Authored by Guillermo Bert*
Opinion
The Exodus Series is an extension of my Encoded Textiles project, begun five years ago after my return trip from working with Mapuche weavers in my home country of Chile. The project combined QR codes woven into traditional textile designs by Mapuche weavers. When scanned with a smartphone, the woven “QR codes” take the viewer into a filmic world of story, myth and reflection by Mapuche elders, activists and poets. This new Exodus Series expands these technologies and techniques (weaving, filmmaking, oral history) into new terrains by focusing on border crossings and the Latin American indigenous diaspora of Mayan and Zapotec peoples living in Los Angeles. My work plays on the idea of “borders” by framing the experience of trans-migrants in their own words through film and audio recordings embedded in textile or objects, and portrays the dizzying effects of migratory crossings in the urban global economy of L.A. This new approach to investigative art-making explores the contradictions that come with that crossing, when the hope of the American Dream is met with the dark side of living in its shadows (Figure 1).
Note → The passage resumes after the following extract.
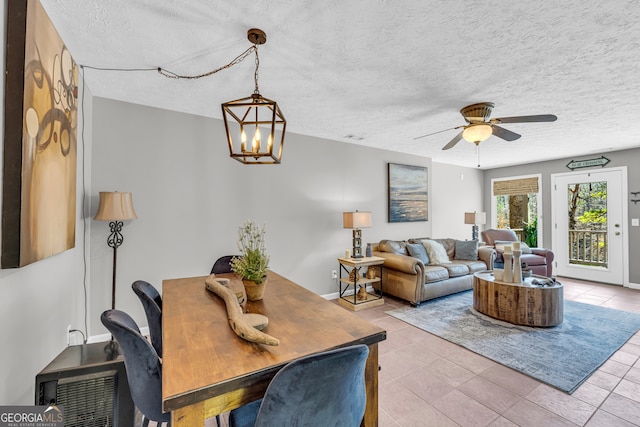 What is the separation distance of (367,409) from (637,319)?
4223 mm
My goal is to create contemporary hybrid “artifacts” that merge traditional cultural expressions with new technologies in order to highlight the commodification of labor in this trans-migrant context. These weavings propose a new mythology of cultural innovation while using the data they contain to restore and reinsert the indigenous voices into the local Los Angeles cultural narrative and in global dialogue with Latin American origins (Figure 2).
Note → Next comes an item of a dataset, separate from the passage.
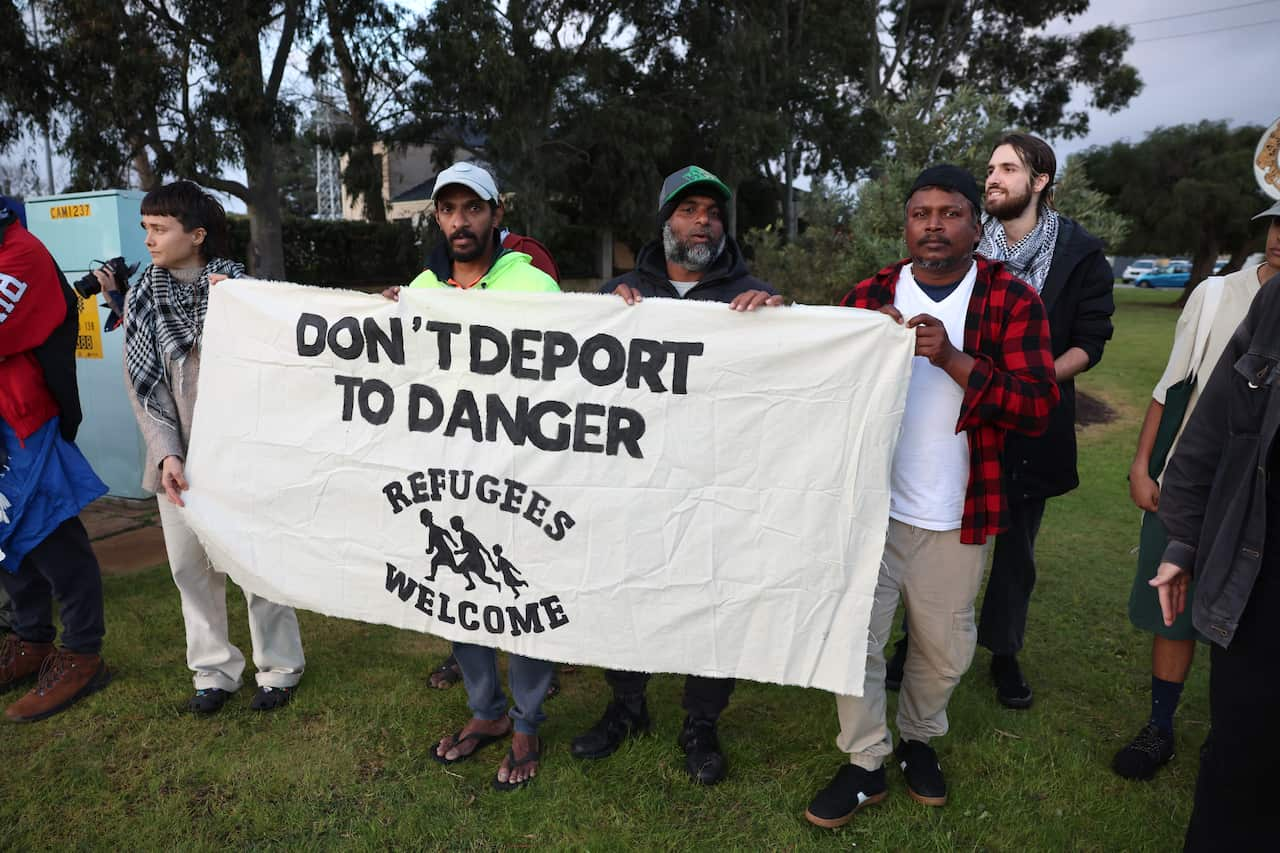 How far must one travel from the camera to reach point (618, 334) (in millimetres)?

Just as the art works allow viewers to “de-code” the migrant experience in a participatory role (i.e., by “activating” the coded stories), the series aims to bring together interdisciplinary forms of weaving and digital story-telling to mark and contrast the inter-relationships of traditional art forms with 21st century media. The multi-media aspects of the project stand as testimony into cultural life through documentary inquiry and observation. The project allowed me to further my work as a mixed media artist and filmmaker, while expanding and deepening the content of indigenous living history through art as a vehicle for public engagement with the pressing issues of our time (Figure 3).